Gold mining on the Cosumnes River Today
There are many places on the Cosumnes River where you can find gold today. Many recreational gold miners still visit the river in hopes of finding gold. Although you may not get much gold as the miners of the 1850s many people have found good gold along the river. Some of the places you can visit to pan for gold include:
Eldorado National Forest
The Eldorado National Forest covers much of the Cosumnes River. The forest itself is about 677,255 acres in size and has 49 developed campgrounds, many of which provide recreational activities including gold panning. Contact the local forest offices where you want to prospect for updated information on panning opportunities.
The most popular gold panning sites include the areas around the Cache Rock and the Pi Pi campground. The Pi Pi campground stretches along the Middle Fork of the Cosumnes River and is a favorite among gold hunters.
Capps Crossing is a good location to prospect for gold on the Cosumnes River. It is situated on the North Fork of the river at an elevation of about 5100 feet next to the Eldorado National Forest. Here you get a chance to prospect for gold on the river enjoy bid watching, hiking, rock climbing or just camping under the shade of the fir and cedar trees.
Surrounding Creeks and Gulches
The richness of the Cosumnes River is quite well known, but there are many other areas in the surrounding forest that are extremely rich too. The early miners worked many of these areas using ground sluicing and other placer mining methods, but there were other areas that were completely overlooked.

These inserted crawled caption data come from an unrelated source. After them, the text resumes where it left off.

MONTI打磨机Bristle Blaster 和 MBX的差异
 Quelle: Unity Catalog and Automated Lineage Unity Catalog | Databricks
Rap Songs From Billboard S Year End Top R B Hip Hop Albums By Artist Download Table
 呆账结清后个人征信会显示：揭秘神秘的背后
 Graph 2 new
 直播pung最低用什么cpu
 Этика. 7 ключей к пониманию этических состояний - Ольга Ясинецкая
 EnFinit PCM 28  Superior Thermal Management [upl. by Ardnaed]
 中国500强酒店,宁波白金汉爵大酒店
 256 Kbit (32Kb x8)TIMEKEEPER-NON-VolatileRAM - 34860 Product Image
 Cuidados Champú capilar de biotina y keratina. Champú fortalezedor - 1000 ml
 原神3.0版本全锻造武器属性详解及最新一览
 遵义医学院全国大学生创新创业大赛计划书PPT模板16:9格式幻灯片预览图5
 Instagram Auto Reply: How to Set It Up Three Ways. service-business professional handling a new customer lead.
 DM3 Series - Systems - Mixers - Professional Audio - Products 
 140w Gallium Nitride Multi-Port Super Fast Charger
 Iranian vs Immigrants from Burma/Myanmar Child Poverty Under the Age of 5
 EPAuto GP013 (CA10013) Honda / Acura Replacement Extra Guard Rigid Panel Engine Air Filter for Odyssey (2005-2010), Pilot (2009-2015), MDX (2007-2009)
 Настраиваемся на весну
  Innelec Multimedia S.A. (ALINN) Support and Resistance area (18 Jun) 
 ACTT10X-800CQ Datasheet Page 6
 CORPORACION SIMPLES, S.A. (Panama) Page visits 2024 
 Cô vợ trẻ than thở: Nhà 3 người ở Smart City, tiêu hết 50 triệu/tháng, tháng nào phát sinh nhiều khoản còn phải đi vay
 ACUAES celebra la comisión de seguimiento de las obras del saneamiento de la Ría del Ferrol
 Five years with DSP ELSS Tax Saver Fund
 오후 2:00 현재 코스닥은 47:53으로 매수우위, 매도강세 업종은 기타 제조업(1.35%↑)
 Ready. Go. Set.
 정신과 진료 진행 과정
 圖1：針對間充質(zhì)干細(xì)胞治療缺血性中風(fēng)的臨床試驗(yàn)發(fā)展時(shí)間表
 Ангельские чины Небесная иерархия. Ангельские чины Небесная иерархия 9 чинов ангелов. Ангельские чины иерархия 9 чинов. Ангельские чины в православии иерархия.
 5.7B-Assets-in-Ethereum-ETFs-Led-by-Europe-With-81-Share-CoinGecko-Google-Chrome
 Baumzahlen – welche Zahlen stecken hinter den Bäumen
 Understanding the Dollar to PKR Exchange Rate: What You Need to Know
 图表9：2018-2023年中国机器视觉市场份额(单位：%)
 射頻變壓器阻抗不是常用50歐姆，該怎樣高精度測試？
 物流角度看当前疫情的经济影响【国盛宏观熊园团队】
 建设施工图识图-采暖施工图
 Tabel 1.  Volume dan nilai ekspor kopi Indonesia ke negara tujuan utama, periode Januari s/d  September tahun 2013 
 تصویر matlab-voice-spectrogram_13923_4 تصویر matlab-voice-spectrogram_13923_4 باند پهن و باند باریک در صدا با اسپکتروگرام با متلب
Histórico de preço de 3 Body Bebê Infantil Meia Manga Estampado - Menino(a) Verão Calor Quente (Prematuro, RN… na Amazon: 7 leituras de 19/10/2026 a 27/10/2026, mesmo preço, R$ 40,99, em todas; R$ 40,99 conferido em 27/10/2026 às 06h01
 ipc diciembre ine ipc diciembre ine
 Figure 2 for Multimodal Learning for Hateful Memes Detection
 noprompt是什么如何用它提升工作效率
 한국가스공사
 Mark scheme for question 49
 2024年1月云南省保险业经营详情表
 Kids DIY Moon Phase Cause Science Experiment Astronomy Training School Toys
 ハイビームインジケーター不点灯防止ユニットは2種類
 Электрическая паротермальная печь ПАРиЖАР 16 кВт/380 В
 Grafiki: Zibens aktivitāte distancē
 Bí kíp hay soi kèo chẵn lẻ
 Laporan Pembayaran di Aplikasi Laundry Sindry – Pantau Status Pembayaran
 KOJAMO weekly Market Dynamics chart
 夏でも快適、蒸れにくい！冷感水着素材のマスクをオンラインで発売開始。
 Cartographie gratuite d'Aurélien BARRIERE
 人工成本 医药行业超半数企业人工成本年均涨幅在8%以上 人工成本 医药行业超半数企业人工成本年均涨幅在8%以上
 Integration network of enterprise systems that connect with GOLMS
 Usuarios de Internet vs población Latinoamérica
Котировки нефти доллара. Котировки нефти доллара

Gold prospectors today can successfully find gold be exploring these lesser known tributaries of the Cosumnes River. Even dry gulches with no perennial water flow will still accumulate placer gold.
One of the best ways to find this type of gold is by metal detecting, which allows the prospectors to explore these areas without water and locate gold nuggets.
Drywashing is another method that can be used, but the soil needs to be fully dry for this to work properly, generally just for a few months during the summer.
Traditional placer mining techniques like gold panning will work just as well today as they did for the early miners along the Cosumnes River and its tributaries. They may have gotten most of the easy gold, but will some hard work you can still recover a considerable amount of gold in this area today.
While most prospectors today focus their attention on placer gold, there are many hard rock mines in the mountains around the Cosumnes River. Many of these old mines still have high-grade ore. Using a metal detector to locate specimens around old mine dumps is something to consider.
Be aware that there are a considerable number of active mining claims in this part of California. Always do your research to ensure that you are not prospecting on someone else’s valid claim. You can still do many activities on mining claims, but you cannot legally prospect for gold or minerals. You will need to locate areas that are not claimed.